James O'Keefe's New Story About the 47 Percent Video Is Totally False
There's no scoop here.
By David CornOct
James O'Keefe is at it again. The conservative video maker often accused of selective editing and once arrested and convicted for an undercover caper at a senator's office, has released a new series of videos targeting a few Democratic and progressive organizers. His operatives pretended to be interested in funding Democratic political activities and secretly recorded the Democratic activists; the videos O'Keefe released have become a cause célèbre for conservatives, including Donald Trump, who claim they show Ds engaged in dirty tricks. Of course, there are questions about the editing of the tapes. And on Wednesday night, O'Keefe released another hidden-camera video showing one of these Democratic activists talking about the Mitt Romney 47 percent story I broke in 2012. The supposed scoop: The video of Romney dismissing half the nation as irresponsible freeloaders was somehow the result of covert Democratic machinations. The truth: It wasn't.
This O'Keefe video featured Scott Foval, who was the national field director of Americans United For Change, a progressive organization, until an earlier O'Keefe video led to his firing. Talking about bird-dogging—a common practice in which political groups send people to campaign events for candidates they oppose to ask questions or protest—Foval noted that Democratic bird-doggers "negotiated to get that lawyer in in Florida who recorded the 47 percent." "Wait," the covert O'Keefe comrade said, "I thought that was a bartender." And as the world knows now, it was a bartender named Scott Prouty who had recorded that Romney fundraiser in Boca Raton and eventually shared the video with Mother Jones after I tracked him down.
No, Foval said, "the lawyer took his phone and had the bartender walk around with it and set it up." He went on: "It was a whole coordinated operation to get the phone in because they had taken away all the cellphones from all the staff."

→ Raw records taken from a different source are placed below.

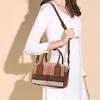 Checkered Design Women's Small Handbag Made of High-quality Canvas and Cowhide Materials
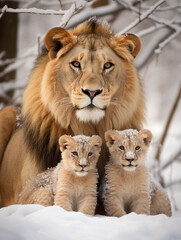 A Photo of a Lion and Her Babies in a Winter Setting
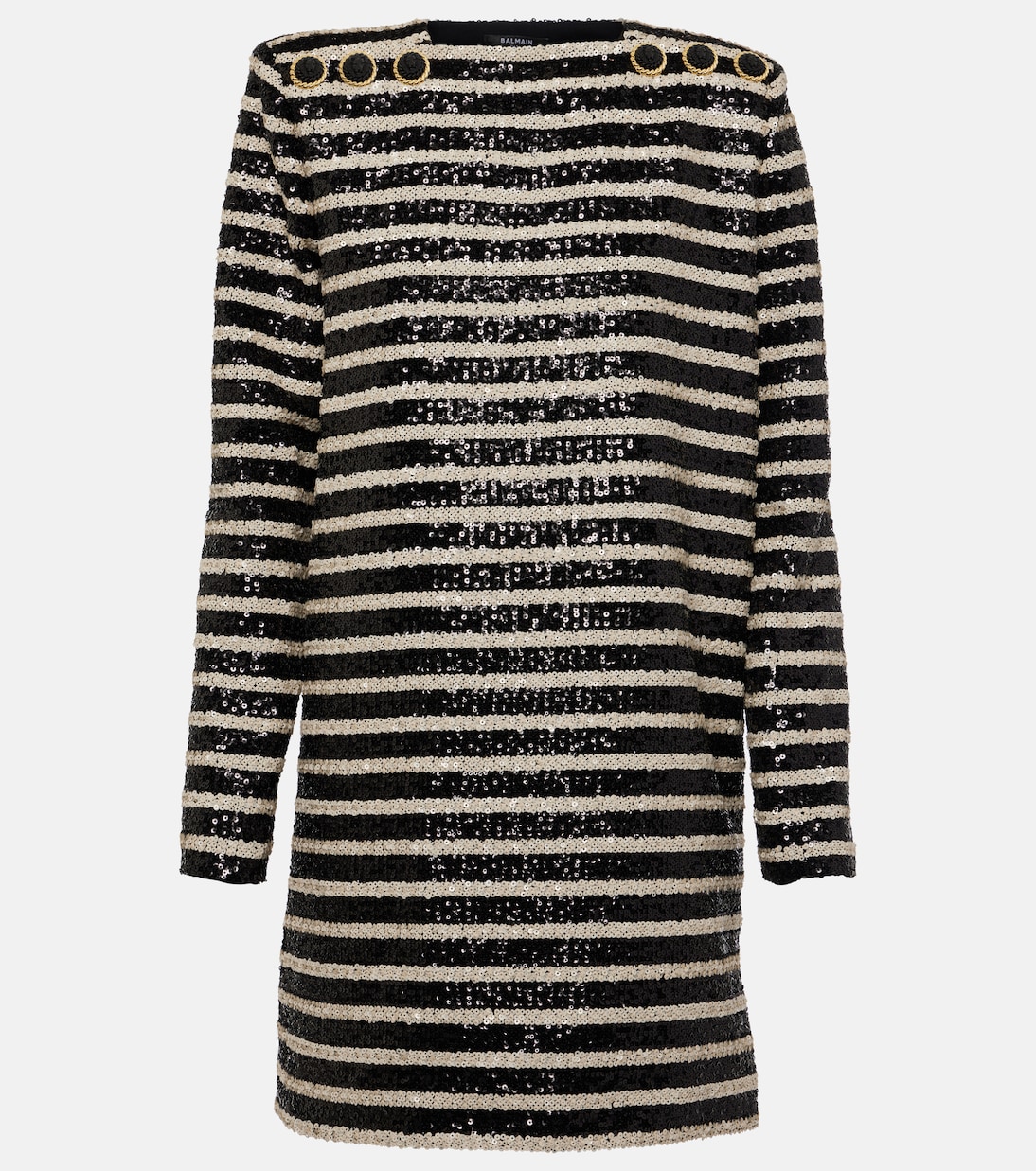 Мини-платье в полоску с пайетками Balmain, Noir/Blanc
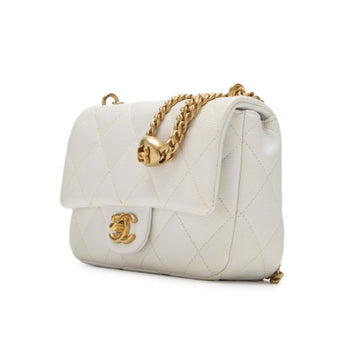 CHANEL ?CHANEL?MINI TRASSE Turnlock Chain Shoulder Caviar S White  Shoulder Bag Mini Shoulder Bag  Bag Hybrid ? Ship?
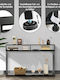 Console Table Wood & Metal Black L120xW23xH79cm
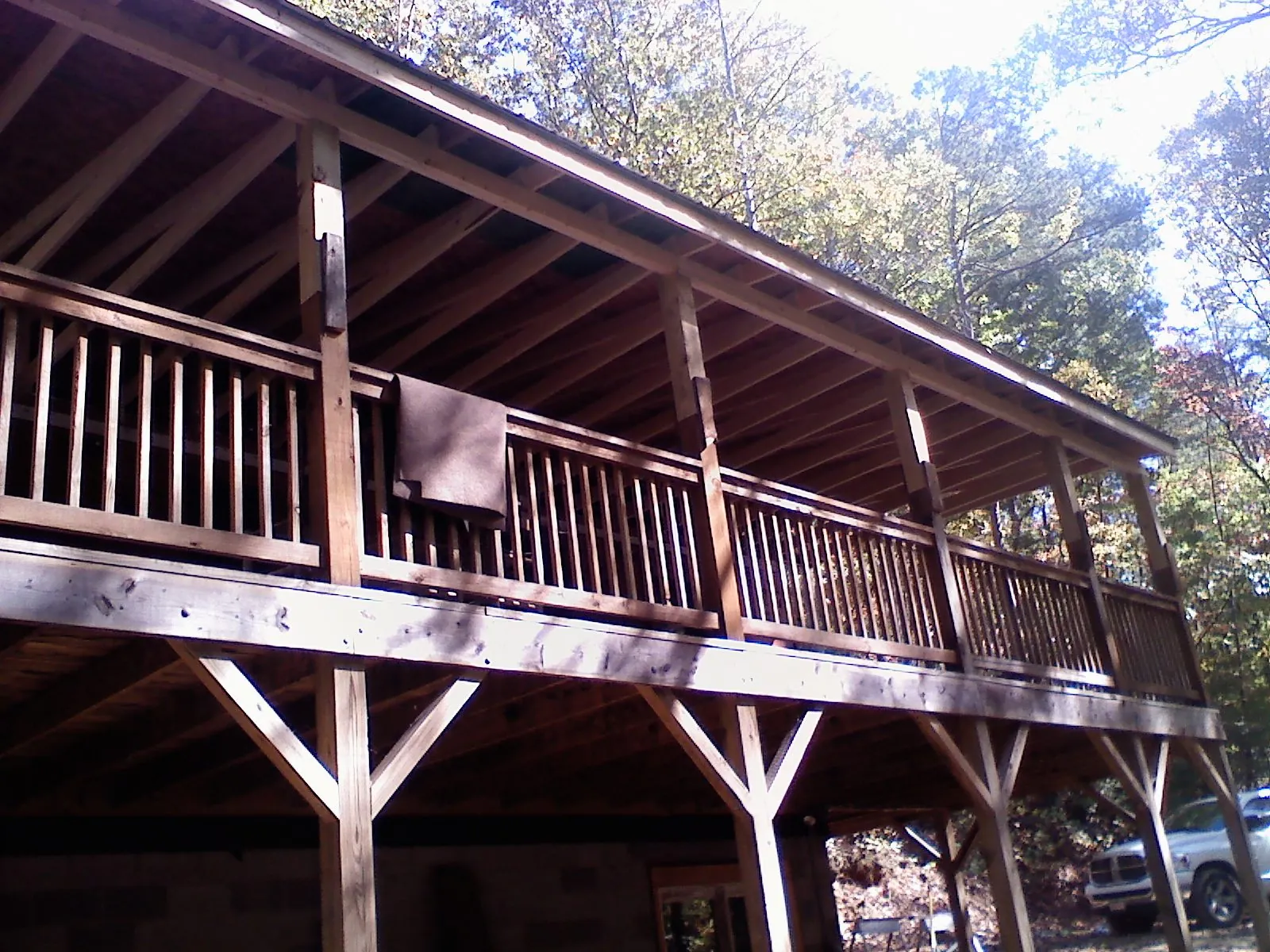 Timber framing under a new elevated porch and deck — Roof Leak Repair in Terrell by Roofing Brothers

Foval had it wrong. Prouty tells me this account is "nonsense" and "fiction." (After keeping his identity a secret for months after the 47 percent video came out, Prouty told his story here.) No lawyer or network of Democratic schemers were involved in sneaking in a recording device to the $50,000-a-plate fundraiser at hedge fund manager Marc Leder's house to obtain the footage. The video was not shot with a cellphone. Prouty, who was working for the caterer, used a camera he had brought to the event. He was flying solo and not part of any Democratic conspiracy to capture Romney saying what he actually said.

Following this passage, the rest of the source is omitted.